Mit der Mozetta und der Stola auf den Schultern, mit dem Goldkreuz auf der Brust, mit einem traditionellen Namen und einer klassischen Rede hat Leo XIV. bereits in Stil und Form mit Franziskus’ „Schlichtheit“ abgeräumt. Plötzlich ist die Ästhetik der alten Kirche zurück, die man mit Benedikt begraben sehen wollte. Dass nicht das alte Papstwappen des Vorgängers am Balkon ausgerollt wurde, wie es sonst üblich ist, wurde in den Medien bisher wenig kommentiert. Während in der Rede Franziskus zweimal Erwähnung fand, war davon sonst nichts zu spüren. Bergoglio beendete die Ratzinger-Ära mit der Ankündigung: Der Zirkus ist vorbei. Ähnlich versucht Prevost offenbar, einen eigenen Stil zwischen traditioneller Form und pastoralem Anspruch zu finden.
Über die Hintergründe seiner Wahl wird in den nächsten Tagen viel zu lesen sein. Etwa, dass die mitgliederstarke, lateinamerikanische Kirche im neuen Pontifikat sichtbar bleibt. Bereits jetzt wird er als möglicher „Anti-Trump“ aufgebaut wegen seiner US-Herkunft und seiner Ansicht etwa zu Migrationsfragen. Bei Ehe, Familie, LGBT und Abtreibung gilt er als klar in der katholischen Lehre. Den Transkult hat er in seiner peruanischen Heimat bekämpft.
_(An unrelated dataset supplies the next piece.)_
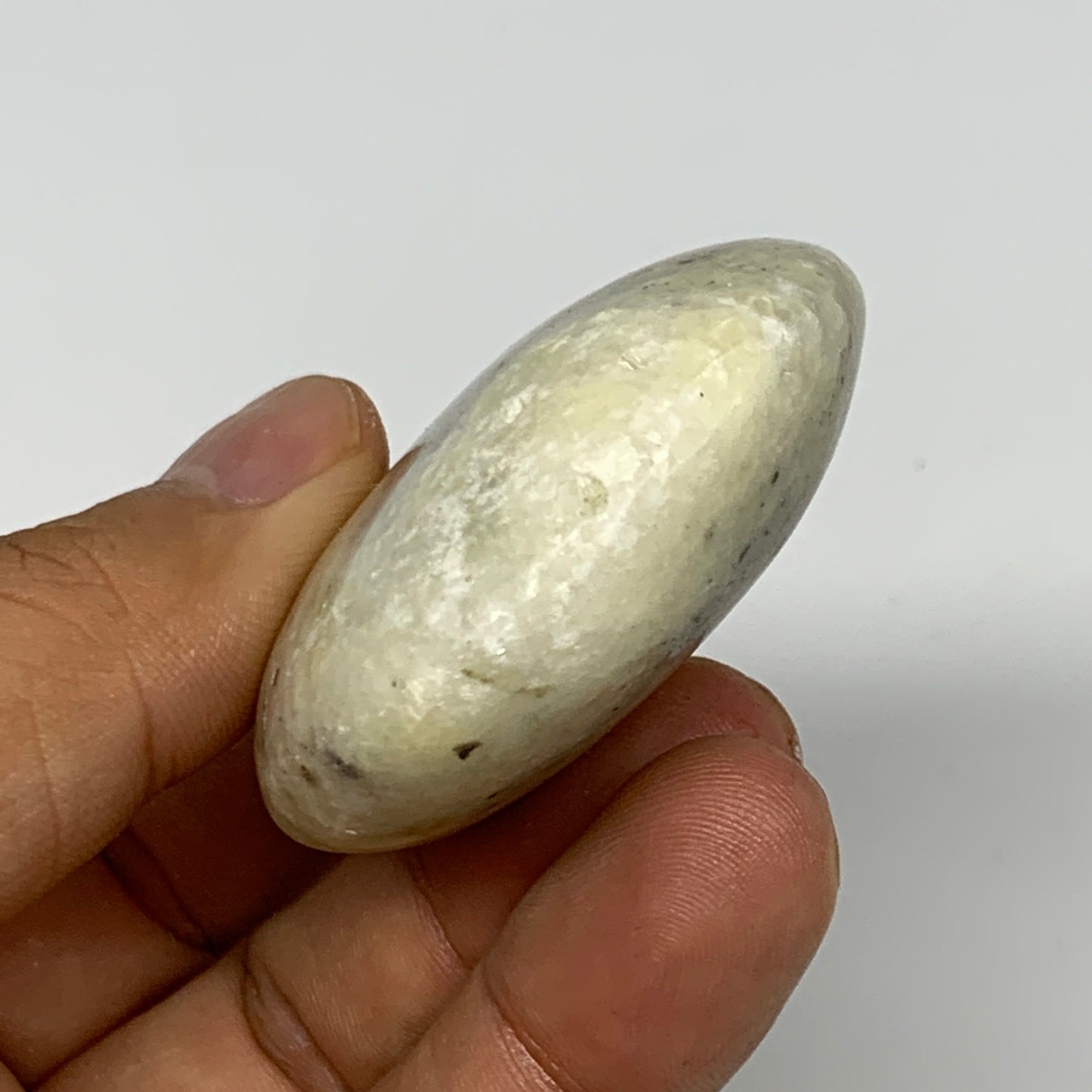 83g, 2.3"x1.8"x0.8", Natural Yellow Calcite Palm-Stone Crystal Polished Reiki, B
Dass überdies unter Franziskus ein gewisses linkes Zeitgeistklima in der Kirche herrschte, in dem sich Kardinäle und Bischöfe der römischen Vorgabe beugten, sollte ebenfalls nicht vergessen werden. So viel Zeit sollte man dem Pontifex geben, wie er sich positioniert. Die Kardinäle wissen, dass die Welt nicht mehr die von 2013 ist, die USA von Trump, nicht Biden, regiert werden; und auf der anderen Seite des Tibers mit Meloni jemand sitzt, mit dem man die nächsten zehn Jahre auskommen muss.
Hier knüpft die eigentliche Botschaft von Leo XIV. an. Seine Mission ist die von Ausgleich und Diplomatie. Das gilt für die Außenpolitik mit ihren schwelenden Konflikten, ob Kriegen oder Spannungen innerhalb der Länder, als auch der Polarisierung innerhalb der Kirche. Inwieweit etwa der neue Pontifex den Anhängern der Alten Messe entgegenkommt, die von Franziskus mit Traditionis Custodis de facto geächtet wurden, ist noch nicht abzusehen – seine Hinwendung zur traditionellen Ästhetik kann aber zumindest als Hoffnungszeichen interpretiert werden. Er wird zudem das Kunststück vollbringen müssen, endlich in Deutschland klare Verhältnisse zu schaffen, wo Teile des Klerus bisher auf der Klaviatur von Staatsnähe und anti-katholischen Reformen spielte – was insbesondere schwierig wird, angesichts der monetären Ausstattung der hiesigen Kirche, von der die meisten anderen Landeskirchen nur träumen können.
Auch deswegen ist es verfehlt, den US-Kulturkampf auf die Una Sancta zu übertragen, und nun nach jeder öffentlichen Äußerung des neuen Papstes zu suchen. Leo XIV. ist von den Kardinälen nicht gewählt worden, um Unruhe zu bringen. Die Weltkirche sehnt sich nach Ruhe und Frieden. Der neue Papst steht vor der großen Herausforderung, Gräben innerhalb der Kirche zuzuschütten und nach außen zugleich mit starker Stimme zu sprechen. Sollte der neue Pontifex tatsächlich den Frieden anstreben, dann wäre er der US-Regierung deutlich näher, als mancher wahrhaben will.